C’è una dedica in prima pagina, c’è scritto in corsivo, con una scrittura che ricorda quella di mia nonna ma non lo è, sperando che non si sia già seccato … e poi la firma e poi la data: 29-11-50. Devo ricordarmi di chiedere a mia mamma se sa chi è la lei che ha regalato quel libro a mia nonna.
Va be’, ho finito il caffè e più o meno scritto qualcosa che assomiglia a un post. Vado a farmi raccontare da Betty Smith come va avanti quella storia e, dato che vado da quelle parti, bagnerò un po’ l’albero.
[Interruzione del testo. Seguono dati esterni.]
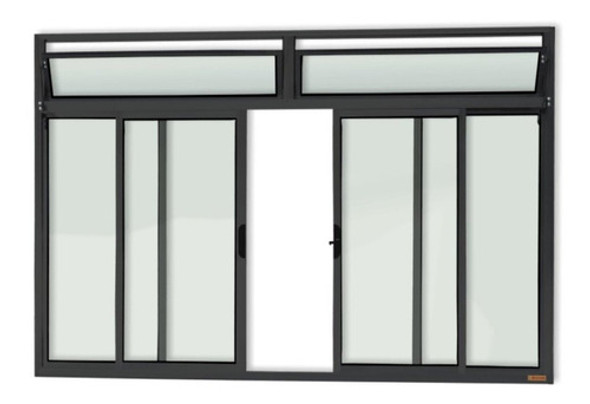 Janela Plus 4 Folhas Com Bandeira Vidro Liso 100cm X Wt 0 Janela Plus 4 Folhas Com Bandeira Vidro Liso 100cm X Wt 0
Non si sa mai, mi spiacerebbe che si seccasse proprio adesso.

martedì 1 novembre 2011

pochissima

Qualche giorno fa il mio capo (che poi è una capa) mi ha fatto la delega per andare alla riunione di dipartimento al suo posto. Son stata là, attenta, per poco più di due ore. Ero sicura che non mi avrebbe mai chiesto che cosa avevano detto (e infatti è stato così) ma pensavo: dal momento che non posso fare quel che voglio tanto vale che provi ad ascoltare. Ecco, se dovessi fare un riassunto breve di quello che ho sentito direi che il punto importante, quello dal quale dipende tutto quello che si è discusso, è: quanta fiducia abbiamo nell’altro? Siam sempre lì, qualsiasi gruppo sociale si prenda in esame torniamo sempre alla stessa domanda. Hai fiducia o non hai fiducia? Più invecchio più penso che da lì dipenda tutto. Dipende la libertà concessa, dipende come organizzare il controllo della situazione. Hai fiducia? Allora va bene una struttura “flat”. Non hai fiducia? Allora via di piramidi. È così per il personale, è così per i finanziamenti, è così per gli strumenti da condividere o meno.

Oggi mi chiedevo se io ho fiducia nel prossimo. Sono altalenante direi ma mi sa che in questo periodo ne ho pochissima.